At the same time, there is something strange going on with some of the animations visually, which doesn’t necessarily fit with the film’s broader style. When moving, things like hands and mouths have a habit of warping out of shape – which led me to believe Wilson might have used some form of AI to help expedite his animation process.

IFL rules do permit use of AI for animation, provided it is helping to move images solely provided by the filmmaker – but not from AI engines working on this basis regularly make non-consensual use of artists’ labour. Fortunately, it turns out the tool Wilson deployed here is not part of the latest AI craze at all, as it has been part of Adobe After Effects for more than a decade (though as AI ‘pioneers’ struggle to point to wins for the technology, this is the kind of tool which is now being re-branded as ‘AI’ by nature of it automating a process).

Timewarp is designed to allow users to turn normal footage into slow-motion, by generating frames that are half way between the existing ones. Wilson used it by drawing keyframes and some of the “in-betweens” and then allowing it to fill in the rest of the frames. As well as more quickly filling in gaps to produce a moving image, this produced the visual distortions which evidently interested Wilson, for a film in which so much of the things shown are about warped or distorted ways of seeing and living in the first place.

But for me at least, it doesn’t really pay off – not necessarily by any fault of Wilson’s, but rather because those distortions are reminiscent of so much AI crap now littering the web, and that in a film which isn’t overtly talking about that, it’s more of a distraction than an addition. At the same time, while the idea of ‘charm’ probably isn’t really something an artist who produces such grotesque imagery is concerned with, I feel like some of the charm of a jerkier animation style is always preferable to something smooth. It is presumably hellish to work that way (again, see Mad God) – but it also makes it feel that much more of a special experience to see the bloody suffering in it. And in a film like Don’t Shoot the President, that would feel kind of apt, I think.

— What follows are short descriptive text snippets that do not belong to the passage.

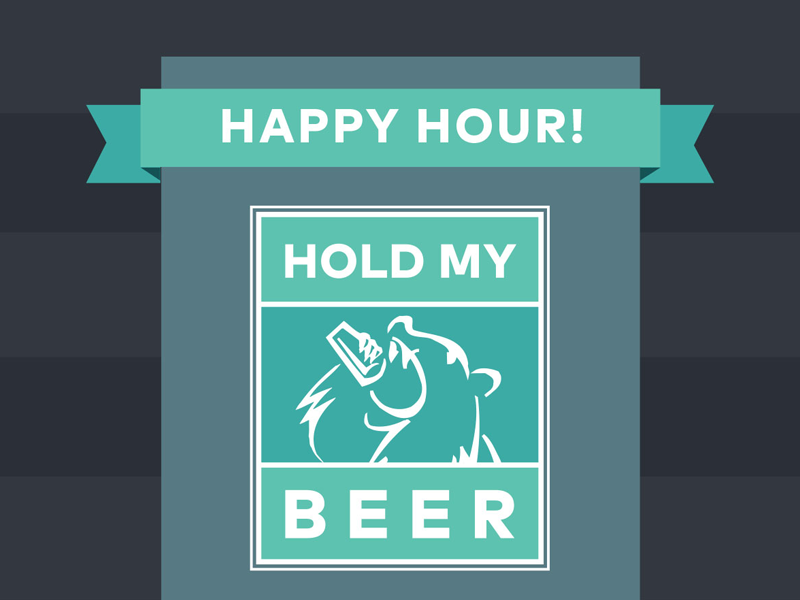Hold My Beer event logo event beer material design logo teal banner bear happy hour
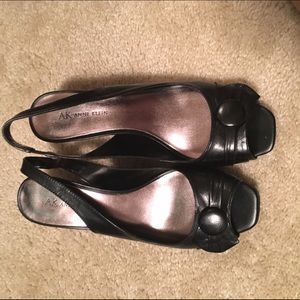 Brand new Anne Klein black peep-toe sling backs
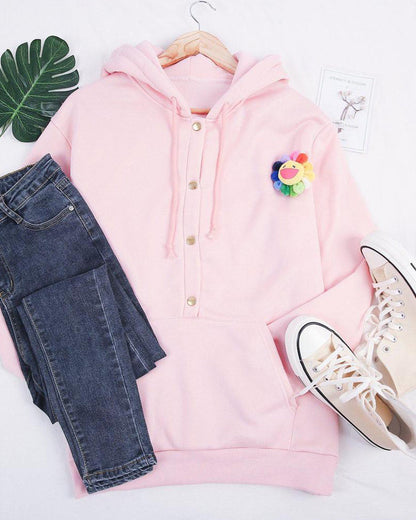 Gemütlicher rosa Hoodie mit Kängurutasche für Damen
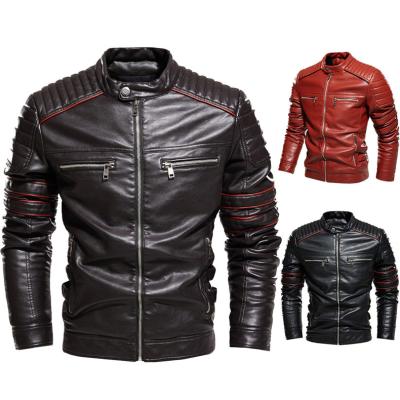 China Breathable PU Leather Jacket Euro Size FashionStripes Mix Custom Design Jaqueta Chaqueta Windproof Jacket for sale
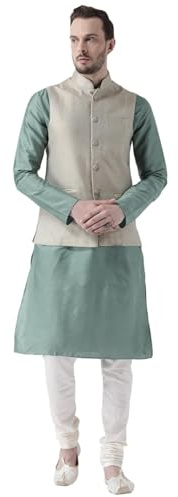 KISAH Men Solid Kurta Jacket Set, Full Sleaves, Knee Length, Straight, Regular Fit, Mandarin Collar Ethnic Traditional wear, Green Cream, 42-43 & Thanksgiving
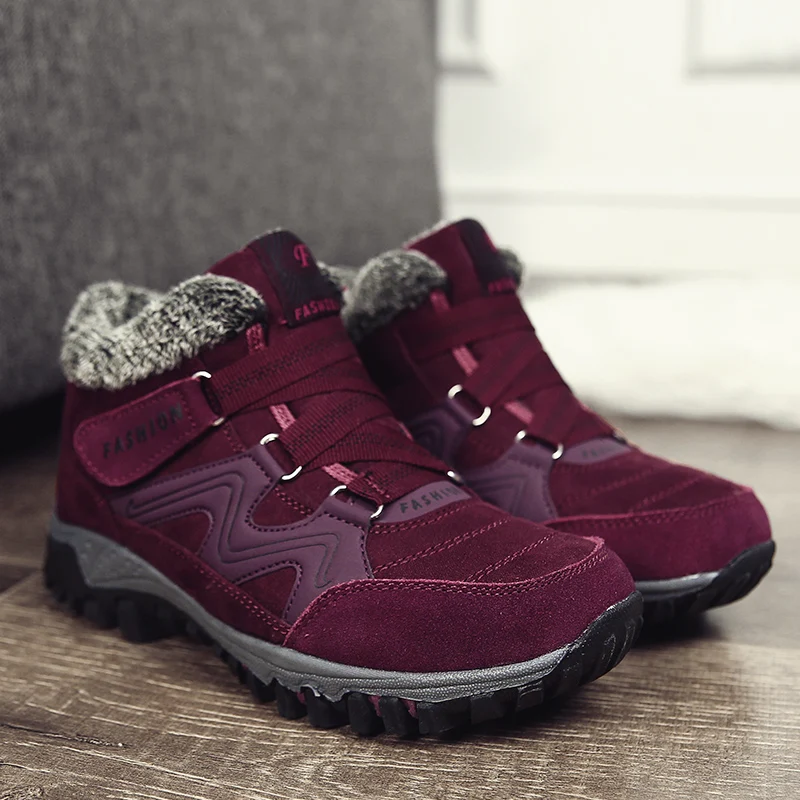 6137Dark-Red Мужские ботинки на меху; коллекция года; теплые зимние ботинки; Мужская зимняя рабочая обувь; Мужская обувь унисекс; уличные водонепроницаемые ботильоны; размеры 36-46 - Цвет: 6137Dark-Red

Gripes aside, Don’t Shoot the President more than lives up to what I’ve come to hope for from this filmmaker, providing a horrific space acerbic ideological critique with its unabashedly abrasive imagery. I met up with Niven Wilson for a chat in Amsterdam late last year, and he mentioned that in the long-term he is planning to move into non-animated film. Personally, I can’t wait to see what fresh Hell he can unleash through a live-action horror – but on the basis of two very strong animated showings, I hope he doesn’t entirely abandon the world of animation. Painstaking though it may be, the medium lends itself to flights of fancy that (unless you have a ‘micro-budget’ of $1 million) aren’t always practical; and I get the feeling that he still has such sights to show us.